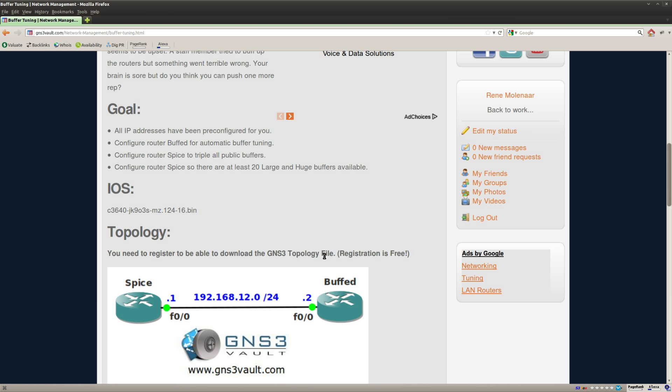And that's it. So that's how you can tune the buffers on your Cisco router. I hope you enjoyed this video. Thanks for watching and till next time.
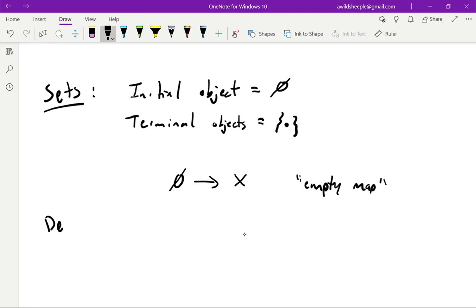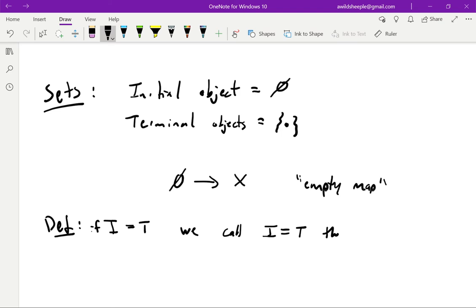One more definition: if you're in a category that has both an initial and a terminal object, and the initial and terminal objects are equal, we call that the zero object. This isn't the case in Sets because they're different, but it is the case in many other familiar categories — for example, in vector spaces the trivial vector space consisting of just the zero vector is a zero object, since there's only one linear map out of it and only one linear map into it, both being the zero map.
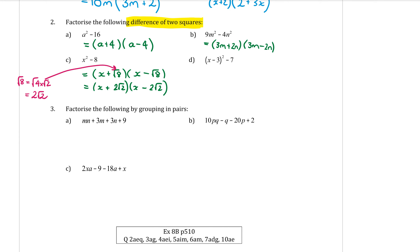Part d: factorize (x − 3)² − 7. Square rooting (x − 3)² gives (x − 3) at the start of both brackets. Square rooting 7 doesn't simplify nicely, so it stays as √7. One bracket has a plus and one has a minus: (x − 3 + √7)(x − 3 − √7). That can't be simplified further.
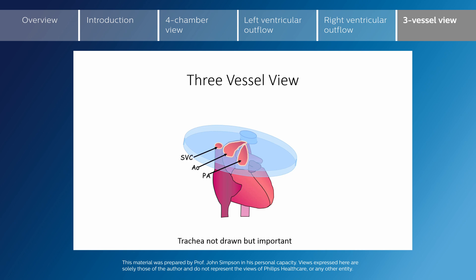The trachea is another important reference point, not shown in this diagram, which is seen posterior to the superior vena cava and should be to the right of the V indicated by these vessels. The trachea should not appear between these vessels — it should be outside of this V.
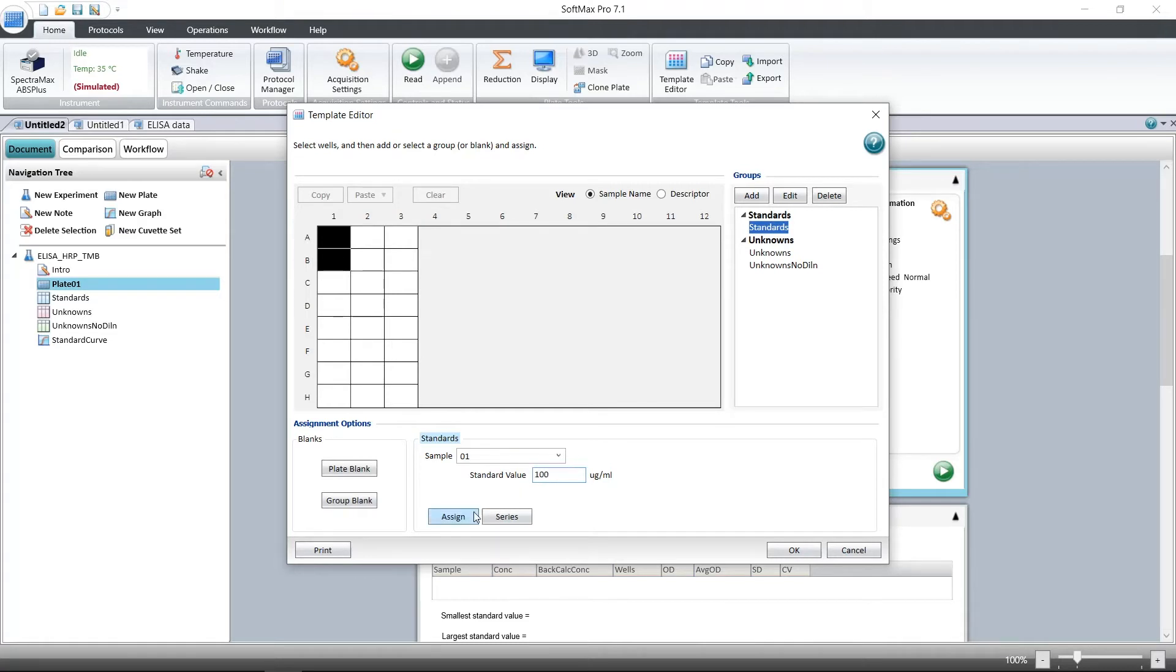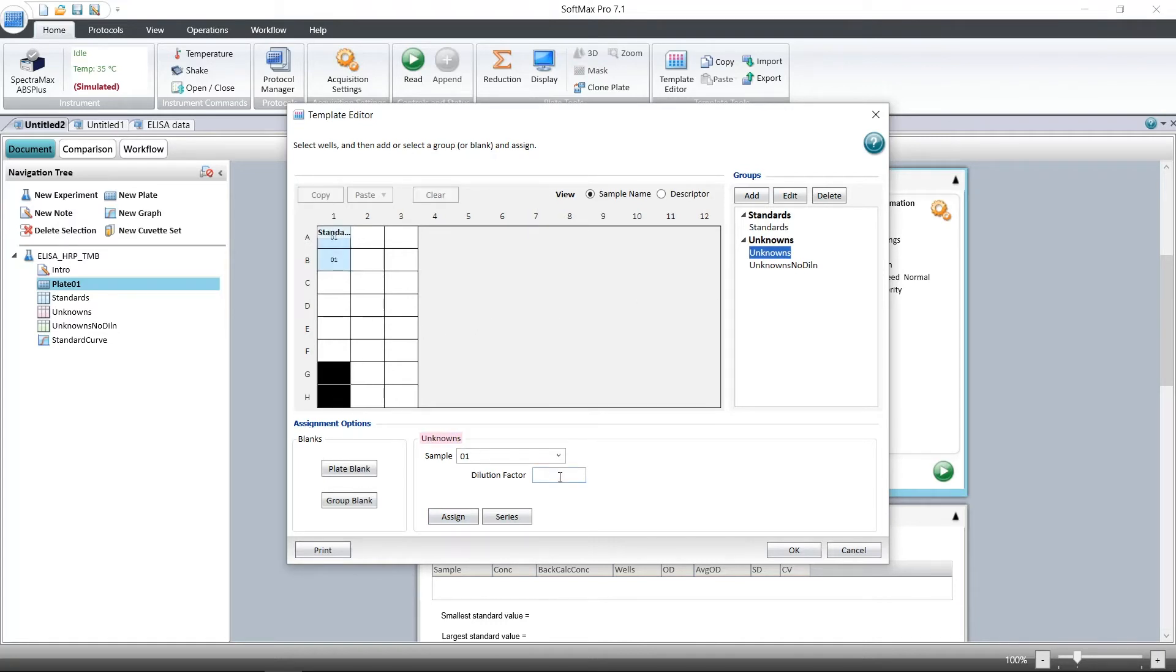We can also assign the wells as unknowns, the samples we want to analyze, and any dilution factor that may be applied. We can choose to set up the template now or we can wait until later after we've already read the plate.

● Your assignment
The lines from the top of the data above through the one holding "Part d: factorize" are to be repeated exactly, and only those, with no pictures.

● Solution to this exercise
And that's it. So that's how you can tune the buffers on your Cisco router. I hope you enjoyed this video. Thanks for watching and till next time.
One more definition: if you're in a category that has both an initial and a terminal object, and the initial and terminal objects are equal, we call that the zero object. This isn't the case in Sets because they're different, but it is the case in many other familiar categories — for example, in vector spaces the trivial vector space consisting of just the zero vector is a zero object, since there's only one linear map out of it and only one linear map into it, both being the zero map.
Part d: factorize (x − 3)² − 7. Square rooting (x − 3)² gives (x − 3) at the start of both brackets. Square rooting 7 doesn't simplify nicely, so it stays as √7. One bracket has a plus and one has a minus: (x − 3 + √7)(x − 3 − √7). That can't be simplified further.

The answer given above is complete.